La cena si conclude con la recita dei salmi dell’Hallel (salmi 115-118), i salmi della lode accompagnati dalla recita di alcune filastrocche. La più famosa è quella che paragona la vicenda d’Israele a quello di un capretto che lungo la storia subisce varie persecuzioni, rappresentate da un gatto, da un cane, da un bastone, etc. ma alla fine incontra la redenzione compiuta da Dio. Così anche nei canti finali traspare la nota di ricordo e di attesa che pervade tutto il seder e che trova espressione nel celebre augurio conclusivo: “L’anno prossimo a Gerusalemme”.
Un ebreo racconta…
«La Pasqua che noi celebriamo è il ricordo dell’uscita dall’Egitto.
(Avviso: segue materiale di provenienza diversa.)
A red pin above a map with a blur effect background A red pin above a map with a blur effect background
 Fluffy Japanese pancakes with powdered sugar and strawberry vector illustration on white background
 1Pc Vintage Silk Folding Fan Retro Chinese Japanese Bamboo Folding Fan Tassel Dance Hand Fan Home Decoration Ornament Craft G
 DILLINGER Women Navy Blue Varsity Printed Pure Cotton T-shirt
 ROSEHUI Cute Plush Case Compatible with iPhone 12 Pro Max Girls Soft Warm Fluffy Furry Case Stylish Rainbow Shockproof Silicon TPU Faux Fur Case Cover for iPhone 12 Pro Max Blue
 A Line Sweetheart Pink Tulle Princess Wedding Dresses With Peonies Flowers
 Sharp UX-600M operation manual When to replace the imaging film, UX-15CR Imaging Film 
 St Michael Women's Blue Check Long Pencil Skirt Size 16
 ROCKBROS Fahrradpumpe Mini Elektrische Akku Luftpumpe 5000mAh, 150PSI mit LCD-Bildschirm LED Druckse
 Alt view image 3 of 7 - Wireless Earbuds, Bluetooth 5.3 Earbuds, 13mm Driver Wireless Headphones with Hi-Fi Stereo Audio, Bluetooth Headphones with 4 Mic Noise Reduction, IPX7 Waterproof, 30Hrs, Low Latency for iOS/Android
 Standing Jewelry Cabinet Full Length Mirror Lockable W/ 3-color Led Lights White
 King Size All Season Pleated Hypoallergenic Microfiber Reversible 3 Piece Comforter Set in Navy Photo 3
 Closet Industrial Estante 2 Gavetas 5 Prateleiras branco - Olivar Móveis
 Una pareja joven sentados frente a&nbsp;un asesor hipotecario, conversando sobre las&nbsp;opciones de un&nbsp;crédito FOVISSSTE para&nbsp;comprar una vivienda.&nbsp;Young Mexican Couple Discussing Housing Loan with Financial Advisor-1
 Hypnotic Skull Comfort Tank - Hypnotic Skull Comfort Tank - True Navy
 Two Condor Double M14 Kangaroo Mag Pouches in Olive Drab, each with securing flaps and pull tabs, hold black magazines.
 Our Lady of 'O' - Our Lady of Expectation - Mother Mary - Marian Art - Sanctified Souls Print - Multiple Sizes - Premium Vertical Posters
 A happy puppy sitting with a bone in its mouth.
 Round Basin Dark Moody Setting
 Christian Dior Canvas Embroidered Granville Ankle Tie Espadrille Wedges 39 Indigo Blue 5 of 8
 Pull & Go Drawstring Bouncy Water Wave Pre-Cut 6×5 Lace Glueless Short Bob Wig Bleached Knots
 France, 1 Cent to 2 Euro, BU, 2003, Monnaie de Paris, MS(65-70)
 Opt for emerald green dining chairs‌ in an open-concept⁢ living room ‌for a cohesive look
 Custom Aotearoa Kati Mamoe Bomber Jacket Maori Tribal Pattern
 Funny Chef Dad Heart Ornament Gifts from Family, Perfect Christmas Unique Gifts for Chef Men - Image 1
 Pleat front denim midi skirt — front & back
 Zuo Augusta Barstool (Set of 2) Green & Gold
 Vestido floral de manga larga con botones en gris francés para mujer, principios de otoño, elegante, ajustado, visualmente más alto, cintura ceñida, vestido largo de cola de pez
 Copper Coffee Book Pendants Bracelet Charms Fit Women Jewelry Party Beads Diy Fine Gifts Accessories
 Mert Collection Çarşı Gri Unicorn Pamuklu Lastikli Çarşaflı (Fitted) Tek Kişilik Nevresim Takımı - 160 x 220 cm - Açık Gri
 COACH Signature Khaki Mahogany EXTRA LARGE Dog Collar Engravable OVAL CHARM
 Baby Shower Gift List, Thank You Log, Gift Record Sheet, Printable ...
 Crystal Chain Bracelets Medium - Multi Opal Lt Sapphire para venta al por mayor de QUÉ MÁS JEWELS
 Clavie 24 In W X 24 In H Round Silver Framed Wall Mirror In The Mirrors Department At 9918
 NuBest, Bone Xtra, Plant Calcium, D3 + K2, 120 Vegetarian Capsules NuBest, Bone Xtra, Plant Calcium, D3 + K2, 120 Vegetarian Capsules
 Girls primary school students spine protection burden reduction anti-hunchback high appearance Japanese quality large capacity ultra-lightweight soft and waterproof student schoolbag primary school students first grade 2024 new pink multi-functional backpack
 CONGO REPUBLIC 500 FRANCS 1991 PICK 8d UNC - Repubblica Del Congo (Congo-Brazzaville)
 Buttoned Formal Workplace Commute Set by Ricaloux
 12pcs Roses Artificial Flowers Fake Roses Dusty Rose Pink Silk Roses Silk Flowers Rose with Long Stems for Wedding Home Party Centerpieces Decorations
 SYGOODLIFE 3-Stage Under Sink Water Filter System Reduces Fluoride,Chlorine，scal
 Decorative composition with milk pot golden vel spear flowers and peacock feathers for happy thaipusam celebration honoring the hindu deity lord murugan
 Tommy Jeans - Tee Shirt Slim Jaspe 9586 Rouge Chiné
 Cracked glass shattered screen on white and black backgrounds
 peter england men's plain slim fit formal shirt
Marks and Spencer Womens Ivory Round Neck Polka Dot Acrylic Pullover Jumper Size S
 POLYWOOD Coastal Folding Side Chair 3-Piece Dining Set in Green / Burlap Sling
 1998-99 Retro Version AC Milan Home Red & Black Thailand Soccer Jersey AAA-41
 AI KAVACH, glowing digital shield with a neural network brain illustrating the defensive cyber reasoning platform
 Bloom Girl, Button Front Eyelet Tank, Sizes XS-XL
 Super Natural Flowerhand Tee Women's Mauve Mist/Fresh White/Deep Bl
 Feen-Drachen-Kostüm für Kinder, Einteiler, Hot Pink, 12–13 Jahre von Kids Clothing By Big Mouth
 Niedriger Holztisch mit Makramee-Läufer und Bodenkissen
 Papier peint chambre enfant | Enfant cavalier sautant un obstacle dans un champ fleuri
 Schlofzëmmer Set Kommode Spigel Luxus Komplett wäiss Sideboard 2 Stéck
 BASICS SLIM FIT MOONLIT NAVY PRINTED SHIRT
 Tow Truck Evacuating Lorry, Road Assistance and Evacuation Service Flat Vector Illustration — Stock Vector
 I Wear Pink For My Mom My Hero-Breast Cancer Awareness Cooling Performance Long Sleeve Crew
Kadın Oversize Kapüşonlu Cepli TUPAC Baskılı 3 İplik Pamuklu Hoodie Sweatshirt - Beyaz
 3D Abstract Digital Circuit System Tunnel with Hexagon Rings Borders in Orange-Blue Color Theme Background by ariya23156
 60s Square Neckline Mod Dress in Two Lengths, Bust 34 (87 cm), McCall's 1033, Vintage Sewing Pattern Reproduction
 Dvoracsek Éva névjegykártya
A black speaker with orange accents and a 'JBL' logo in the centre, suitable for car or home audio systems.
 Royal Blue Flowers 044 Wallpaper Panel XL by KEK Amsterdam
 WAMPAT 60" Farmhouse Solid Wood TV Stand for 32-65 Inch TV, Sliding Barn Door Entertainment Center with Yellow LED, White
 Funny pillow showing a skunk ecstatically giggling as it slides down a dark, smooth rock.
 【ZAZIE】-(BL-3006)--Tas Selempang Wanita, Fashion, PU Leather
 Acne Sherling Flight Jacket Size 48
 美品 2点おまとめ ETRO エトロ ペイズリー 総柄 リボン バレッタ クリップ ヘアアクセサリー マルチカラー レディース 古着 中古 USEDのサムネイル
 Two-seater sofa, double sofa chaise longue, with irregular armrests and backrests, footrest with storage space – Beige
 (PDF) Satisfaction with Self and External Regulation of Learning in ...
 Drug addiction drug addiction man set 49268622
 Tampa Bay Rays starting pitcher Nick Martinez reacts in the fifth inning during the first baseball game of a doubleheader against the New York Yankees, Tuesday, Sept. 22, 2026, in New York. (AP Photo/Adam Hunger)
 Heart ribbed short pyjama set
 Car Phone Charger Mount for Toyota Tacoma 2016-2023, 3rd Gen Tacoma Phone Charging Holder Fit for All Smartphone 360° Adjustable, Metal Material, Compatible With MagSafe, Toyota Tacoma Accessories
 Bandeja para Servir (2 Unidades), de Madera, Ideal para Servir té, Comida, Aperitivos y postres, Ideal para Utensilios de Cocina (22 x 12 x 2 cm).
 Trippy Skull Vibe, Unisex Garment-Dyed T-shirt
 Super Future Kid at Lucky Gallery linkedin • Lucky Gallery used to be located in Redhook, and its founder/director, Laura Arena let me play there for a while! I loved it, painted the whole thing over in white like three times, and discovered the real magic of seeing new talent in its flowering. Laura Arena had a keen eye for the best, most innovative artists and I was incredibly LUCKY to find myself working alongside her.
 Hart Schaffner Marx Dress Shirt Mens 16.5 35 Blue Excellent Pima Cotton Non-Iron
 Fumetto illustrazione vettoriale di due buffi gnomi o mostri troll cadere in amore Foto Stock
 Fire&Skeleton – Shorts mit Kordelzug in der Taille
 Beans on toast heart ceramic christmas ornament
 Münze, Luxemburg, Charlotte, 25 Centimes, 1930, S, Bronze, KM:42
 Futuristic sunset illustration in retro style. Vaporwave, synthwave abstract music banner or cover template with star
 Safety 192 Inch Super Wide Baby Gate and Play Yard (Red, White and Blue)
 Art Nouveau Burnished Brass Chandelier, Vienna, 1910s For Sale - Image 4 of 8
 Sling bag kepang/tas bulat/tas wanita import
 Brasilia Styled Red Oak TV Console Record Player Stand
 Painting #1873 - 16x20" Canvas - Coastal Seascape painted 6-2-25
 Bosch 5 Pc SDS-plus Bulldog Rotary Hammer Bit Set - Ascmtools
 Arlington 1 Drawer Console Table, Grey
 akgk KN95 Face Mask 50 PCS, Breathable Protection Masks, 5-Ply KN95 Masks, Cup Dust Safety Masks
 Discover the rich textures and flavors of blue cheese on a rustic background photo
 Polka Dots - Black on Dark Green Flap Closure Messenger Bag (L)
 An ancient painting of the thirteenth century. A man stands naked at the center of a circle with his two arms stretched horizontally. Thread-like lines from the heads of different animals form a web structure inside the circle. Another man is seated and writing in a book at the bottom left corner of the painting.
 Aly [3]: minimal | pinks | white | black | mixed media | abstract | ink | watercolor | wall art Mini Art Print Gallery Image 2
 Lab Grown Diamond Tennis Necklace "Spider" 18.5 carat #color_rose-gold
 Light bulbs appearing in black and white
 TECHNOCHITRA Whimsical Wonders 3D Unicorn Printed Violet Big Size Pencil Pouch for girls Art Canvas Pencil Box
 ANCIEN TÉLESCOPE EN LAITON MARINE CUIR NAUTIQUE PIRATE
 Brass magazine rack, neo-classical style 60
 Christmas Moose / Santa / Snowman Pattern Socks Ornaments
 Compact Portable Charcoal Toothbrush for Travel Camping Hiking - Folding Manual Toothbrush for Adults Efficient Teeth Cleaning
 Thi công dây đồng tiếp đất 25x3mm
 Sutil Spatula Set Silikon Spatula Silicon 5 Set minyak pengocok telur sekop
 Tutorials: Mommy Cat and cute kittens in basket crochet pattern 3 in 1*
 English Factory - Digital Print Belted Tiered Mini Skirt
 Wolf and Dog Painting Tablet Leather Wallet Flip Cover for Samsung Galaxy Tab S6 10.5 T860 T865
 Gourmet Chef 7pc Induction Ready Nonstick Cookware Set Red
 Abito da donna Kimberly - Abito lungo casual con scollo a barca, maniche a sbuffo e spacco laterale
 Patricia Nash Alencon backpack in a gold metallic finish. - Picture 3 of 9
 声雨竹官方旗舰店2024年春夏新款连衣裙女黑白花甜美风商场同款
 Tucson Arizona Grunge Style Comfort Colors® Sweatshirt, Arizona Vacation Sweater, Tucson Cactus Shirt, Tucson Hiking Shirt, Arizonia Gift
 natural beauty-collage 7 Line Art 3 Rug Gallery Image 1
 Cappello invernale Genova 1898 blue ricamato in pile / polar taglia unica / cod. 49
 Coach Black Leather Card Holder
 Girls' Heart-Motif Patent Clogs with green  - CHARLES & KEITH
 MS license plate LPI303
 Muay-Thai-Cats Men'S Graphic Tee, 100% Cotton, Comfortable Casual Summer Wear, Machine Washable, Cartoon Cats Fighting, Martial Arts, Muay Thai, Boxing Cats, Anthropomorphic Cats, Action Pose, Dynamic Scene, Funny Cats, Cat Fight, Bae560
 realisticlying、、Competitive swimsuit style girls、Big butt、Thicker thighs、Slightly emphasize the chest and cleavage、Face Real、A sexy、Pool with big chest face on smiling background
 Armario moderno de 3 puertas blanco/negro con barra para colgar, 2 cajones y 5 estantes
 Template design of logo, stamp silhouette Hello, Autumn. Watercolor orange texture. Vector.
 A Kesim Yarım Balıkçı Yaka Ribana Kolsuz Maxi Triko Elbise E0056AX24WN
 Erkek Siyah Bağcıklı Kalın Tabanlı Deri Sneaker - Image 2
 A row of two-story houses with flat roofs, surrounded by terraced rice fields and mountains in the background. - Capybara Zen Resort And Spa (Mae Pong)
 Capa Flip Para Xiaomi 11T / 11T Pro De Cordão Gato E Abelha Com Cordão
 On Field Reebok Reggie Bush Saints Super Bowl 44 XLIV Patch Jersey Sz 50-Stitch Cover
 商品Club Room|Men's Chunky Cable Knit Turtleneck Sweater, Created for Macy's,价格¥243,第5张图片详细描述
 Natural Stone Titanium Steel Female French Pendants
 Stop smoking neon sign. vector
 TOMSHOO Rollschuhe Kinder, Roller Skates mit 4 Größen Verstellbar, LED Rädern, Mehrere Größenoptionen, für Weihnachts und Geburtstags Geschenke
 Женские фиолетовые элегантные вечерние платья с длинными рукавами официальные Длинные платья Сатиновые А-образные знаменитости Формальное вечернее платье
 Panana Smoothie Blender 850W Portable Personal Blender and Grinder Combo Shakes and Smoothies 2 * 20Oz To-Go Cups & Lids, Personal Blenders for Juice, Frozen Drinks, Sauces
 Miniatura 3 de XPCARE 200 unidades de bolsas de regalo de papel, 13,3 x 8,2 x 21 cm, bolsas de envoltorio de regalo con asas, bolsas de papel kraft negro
Uscendo dall’Egitto, il popolo ebraico ha acquistato la libertà, è diventato un popolo in cammino verso la legge, donata 50 giorni dopo, e verso la terra. Noi celebriamo con la Pasqua una libertà ottenuta, una dignità acquisita. E noi benediciamo Dio nella cena pasquale come “colui che ha redento Israele” al passato. Infatti i commentatori si sono chiesti lungo il corso dei secoli, ma adesso siamo asserviti, dispersi, umiliati etc… che senso ha celebrare una dignità acquisita, che una volta acquisita nessuno ci potrà togliere? In quest’evento Dio ci ha sollevato dalla condizione ignobile della schiavitù e ci ha scelto come popolo, quindi celebriamo una scelta, un’elezione, un atto irreversibile come tale: tutte le schiavitù successive della storia non ci potranno cancellare. Però la Pasqua è un modello. È un modello di liberazione futura, per cui il tema della liberazione passa necessariamente attraverso il modello pasquale. Come ci ha liberato dalla schiavitù antica, ci libererà da tutte quelle successive. E la memoria di quella liberazione è la memoria che ci conduce, che ci lega come comunità ad un destino sacro e che ci porta alla fede della successiva redenzione. Quindi è legame essenziale con il passato, ma siccome abbiamo l’obbligo di trasmettere la memoria, è un modello proiettato sul futuro con una richiesta pressante di liberazione» (Riccardo Di Segni, rabbino capo della comunità ebraica in Roma).